La dottrina del contenimento di Kennan non può essere applicata di nuovo. La Cina ha studiato la lezione dell’Urss. Serve dunque “una politica qualitativamente diversa e granulare” piuttosto che “un semplice contenimento dalle caratteristiche cinesi”: di sfida e collaborazione a seconda di cosa ci sia in gioco.
Il Pcc non farà la stessa fine del Pcus. Ma, è scritto anche sul “Longer Telegram”, nemmeno il partito cinese è un monolito: è diviso sulle politiche imposte da Xi e sulle sue ambizioni. Tuttavia il massimo che si possa sperare è che la Cina comunista torni al suo precedente status quo strategico e che Xi possa cadere per una crisi economica. Dalla fine della Rivoluzione Culturale “piena occupazione e crescita dei livelli di vita sono il contratto sociale non scritto fra il partito e i cinesi”.

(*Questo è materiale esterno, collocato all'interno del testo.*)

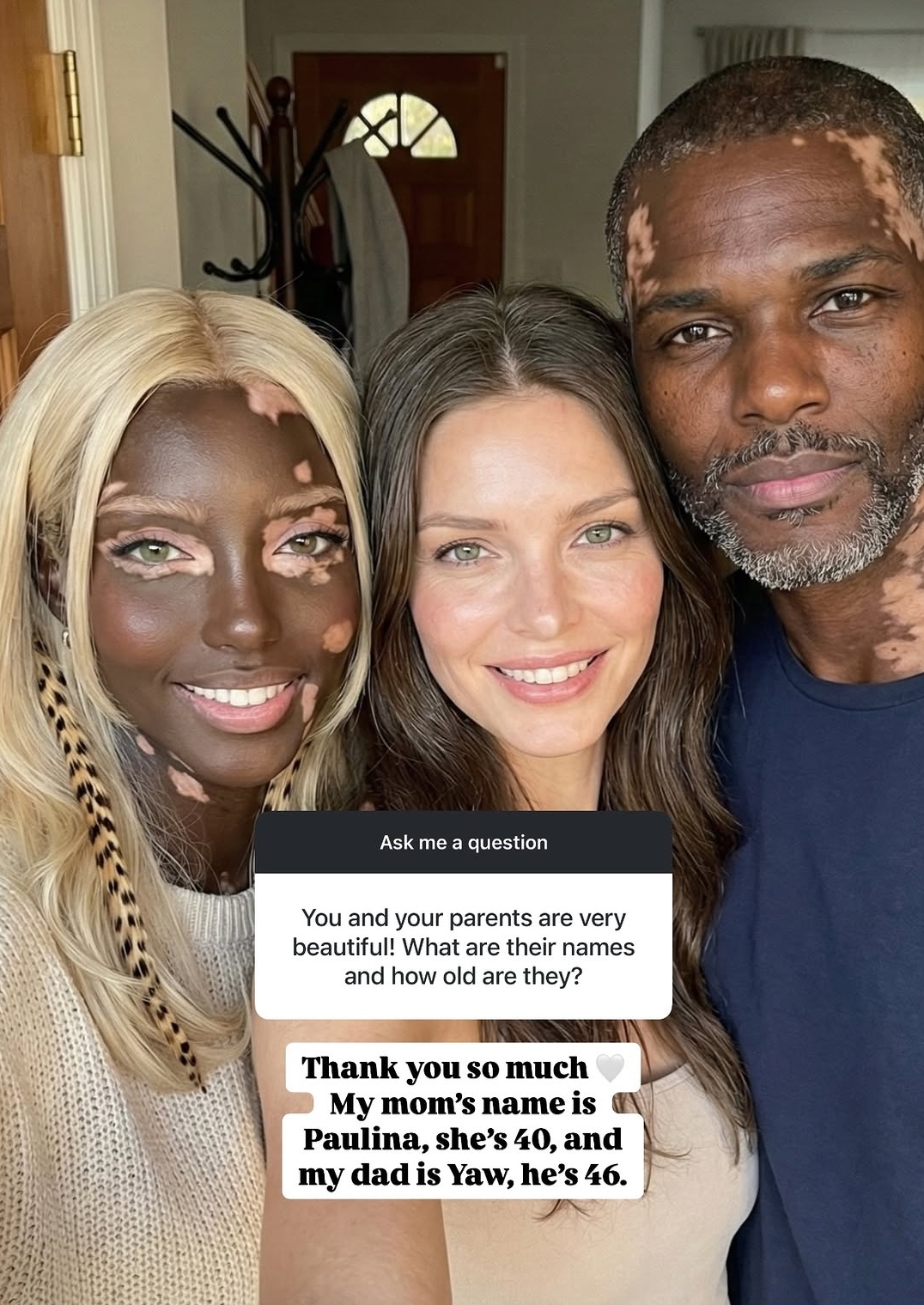 백인-엄마와-백반증-있는-흑인-아빠-사이에서-낳은-딸-18-이미지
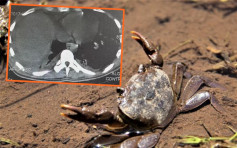 貴州男子誤信傳聞生食蟹 全身感染寄生蟲多器官衰竭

L’attuale presidente e segretario generale del Pcc vuole conseguire “un ordine globale sino-centrico”, mantenere una “preponderanza militare” in Asia, cambiare il primato globale del dollaro, la preminenza tecnologica e finanziaria dell’America. Dietro all’ “amorfo concetto di una comunità dal comune destino per tutta l’umanità” si nasconde l’ambizione di “una nuova concezione gerarchica e autoritaria dell’ordine internazionale”.
La strategia cinese degli Stati Uniti, sollecita Anonymous, deve essere il mantenimento di tutti i suoi primati, “ancorata ai valori e agli interessi nazionali”: e soprattutto al suo sistema di alleanze. Solo così potrà mantenere la preminenza globale che Xi vuole insidiare. Ma entro un decennio al massimo i cinesi smetteranno di temere un conflitto militare con l’America. Per questo gli anni Venti di questo secolo “saranno uno dei decenni più pericolosi nella storia delle relazioni Usa-Cina”. E’ la logica di Tucidide: prima o poi la potenza in carica (l’America) e quella emergente (la Cina) “cercano di saggiarsi attraverso azioni unilaterali, reazioni spropositate o anche con la prevenzione armata”.
Mi sembra ovvio che il “Longer Telegram”, come già il “Long”, ci voglia dire che stiamo andando incontro a una nuova guerra fredda. Sperando che resti solo fredda in questo e nei prossimi decenni.